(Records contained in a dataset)
--------------------

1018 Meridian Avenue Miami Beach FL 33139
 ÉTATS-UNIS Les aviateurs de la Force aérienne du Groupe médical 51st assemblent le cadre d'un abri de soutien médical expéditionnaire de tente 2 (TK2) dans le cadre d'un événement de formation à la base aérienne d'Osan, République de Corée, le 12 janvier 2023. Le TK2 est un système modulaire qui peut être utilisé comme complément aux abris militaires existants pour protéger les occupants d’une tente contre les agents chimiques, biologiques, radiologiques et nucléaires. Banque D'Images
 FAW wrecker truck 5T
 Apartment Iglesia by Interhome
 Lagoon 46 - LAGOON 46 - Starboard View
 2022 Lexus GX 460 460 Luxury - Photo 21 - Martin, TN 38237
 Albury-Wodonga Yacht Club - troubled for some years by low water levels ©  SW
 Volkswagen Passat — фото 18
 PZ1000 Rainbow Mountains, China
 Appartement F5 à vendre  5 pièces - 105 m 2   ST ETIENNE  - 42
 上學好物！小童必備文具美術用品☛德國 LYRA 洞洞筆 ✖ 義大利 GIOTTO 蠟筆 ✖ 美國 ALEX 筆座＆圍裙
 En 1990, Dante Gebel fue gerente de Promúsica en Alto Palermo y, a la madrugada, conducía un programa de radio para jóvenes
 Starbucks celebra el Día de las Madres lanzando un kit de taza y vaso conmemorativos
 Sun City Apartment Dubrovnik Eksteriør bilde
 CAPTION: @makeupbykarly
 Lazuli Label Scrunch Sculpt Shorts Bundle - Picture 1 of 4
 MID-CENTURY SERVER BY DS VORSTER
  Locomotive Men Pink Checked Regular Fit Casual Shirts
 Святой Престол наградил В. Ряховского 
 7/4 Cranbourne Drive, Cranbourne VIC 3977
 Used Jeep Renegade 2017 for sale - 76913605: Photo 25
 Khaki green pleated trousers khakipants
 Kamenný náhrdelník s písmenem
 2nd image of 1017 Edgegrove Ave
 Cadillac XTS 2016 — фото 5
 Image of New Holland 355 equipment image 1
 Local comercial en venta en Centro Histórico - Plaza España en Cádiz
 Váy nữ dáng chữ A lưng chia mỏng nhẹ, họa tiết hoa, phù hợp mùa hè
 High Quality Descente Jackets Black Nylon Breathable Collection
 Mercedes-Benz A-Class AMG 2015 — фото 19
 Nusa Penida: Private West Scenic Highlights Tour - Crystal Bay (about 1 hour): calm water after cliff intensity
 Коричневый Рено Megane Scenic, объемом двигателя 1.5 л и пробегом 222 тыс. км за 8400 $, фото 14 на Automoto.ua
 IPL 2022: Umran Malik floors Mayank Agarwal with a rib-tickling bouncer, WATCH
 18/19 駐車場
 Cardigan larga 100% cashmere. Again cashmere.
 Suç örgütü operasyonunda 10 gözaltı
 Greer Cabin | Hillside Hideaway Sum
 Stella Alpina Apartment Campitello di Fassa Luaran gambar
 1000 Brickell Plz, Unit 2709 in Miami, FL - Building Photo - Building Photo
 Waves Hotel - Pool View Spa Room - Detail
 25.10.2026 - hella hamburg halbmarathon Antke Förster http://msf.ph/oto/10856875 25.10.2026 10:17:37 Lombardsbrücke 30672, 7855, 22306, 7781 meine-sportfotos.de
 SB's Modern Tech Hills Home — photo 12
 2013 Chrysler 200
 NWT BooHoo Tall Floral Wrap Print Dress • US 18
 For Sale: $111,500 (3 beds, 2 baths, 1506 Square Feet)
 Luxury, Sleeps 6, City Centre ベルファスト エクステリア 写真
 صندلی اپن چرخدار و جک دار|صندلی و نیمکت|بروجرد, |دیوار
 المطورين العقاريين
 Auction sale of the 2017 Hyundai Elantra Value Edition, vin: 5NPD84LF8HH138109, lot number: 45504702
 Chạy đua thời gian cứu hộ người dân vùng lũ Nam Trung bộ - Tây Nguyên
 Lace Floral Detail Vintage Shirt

--------------------

■ Work to complete ■
Show every line in the entries where the string "water" occurs.

■ Result of the exercise ■
 Albury-Wodonga Yacht Club - troubled for some years by low water levels ©  SW
 Nusa Penida: Private West Scenic Highlights Tour - Crystal Bay (about 1 hour): calm water after cliff intensity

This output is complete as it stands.